Having heard the news, I looked forward to meeting her. This was to be a brief one, somewhere in Europe, when she brought me an aeroplane to fly back to LHR. She had completed the simulator and base training, and was well into her line training. As we passed each other on the air bridge, together with whoever was instructing her, she looked quite chirpy and told me she was enjoying the aeroplane. A first command coupled with a type-conversion is one of the most testing courses most pilots have to run. Barbara would have been the first female captain on the fleet. We had a number of women-copilots, and there were female captains on other fleets. For whatever reason, Barbara was soon to return to Concorde.

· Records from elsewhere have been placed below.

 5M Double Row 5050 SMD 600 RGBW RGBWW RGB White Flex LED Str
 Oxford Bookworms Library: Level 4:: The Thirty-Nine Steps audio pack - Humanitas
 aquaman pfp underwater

After retirement, and after the final grounding of Concorde, I sometimes wondered which fleet she had moved to; and if she had given her command a second shot. In addition to proving her ability, it is a mark of what the obituary-writer describes as her tenacity that she later won her fourth stripe on the Triple-Seven, in addition to all her other achievements in the air and elsewhere.
22nd Apr 2011, 21:42
There was a piece on BBC Radio 4 today on Barbara including past interviews with her.
23rd Apr 2011, 20:05
BBC iPlayer - Last Word: 22/04/2011 (http://www.bbc.co.uk/iplayer/episode/b010fd8g/Last_Word_22_04_2011/)

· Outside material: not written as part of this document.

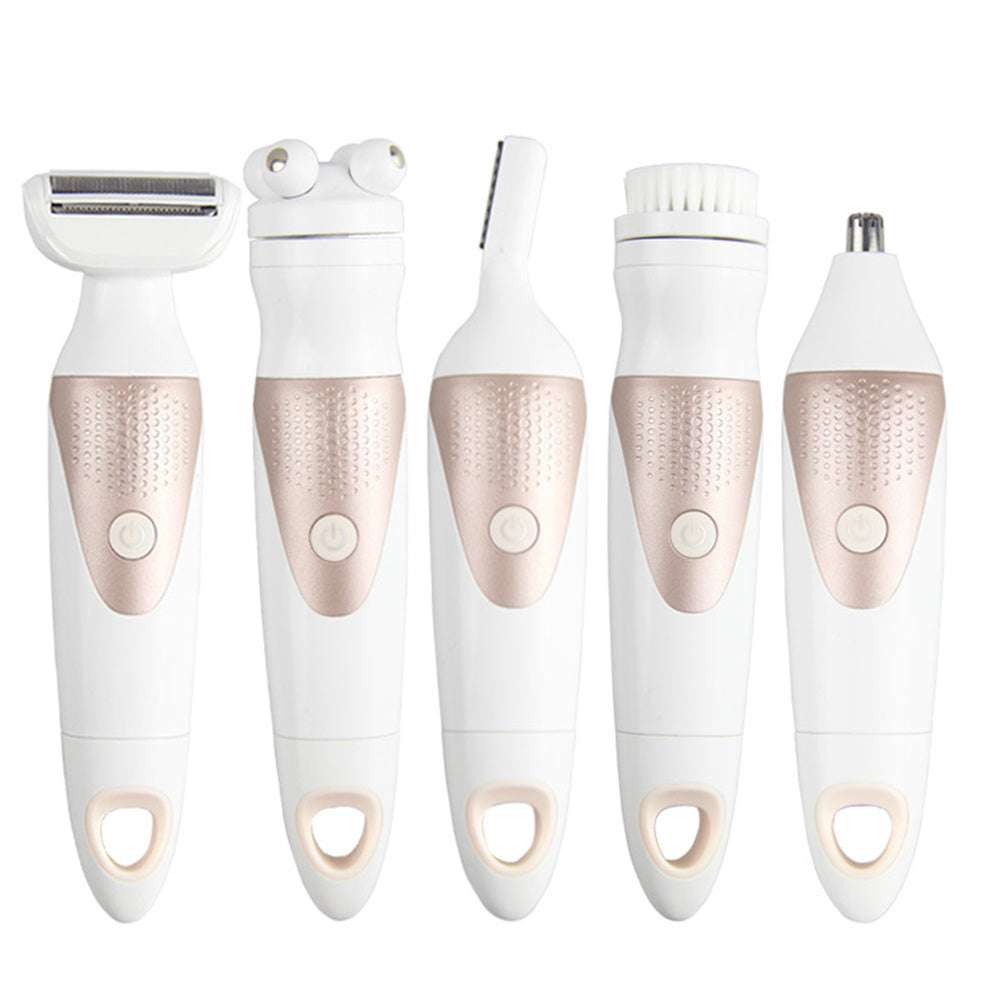 Shaving eyebrow hair removal instrument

For those that can listen to it.
The program is also on at 8:30 pm oh R4 on Sunday. I assume it is a repeat of the above.
1st May 2011, 11:20
Super lady, first met her through contacts at Goodwood. Last saw her when she was driving an Alfa Romeo Spyder. Inspirational.
1st May 2011, 22:01
Thanks for that video, roving. It's lovely the way the Captain compliments her landing.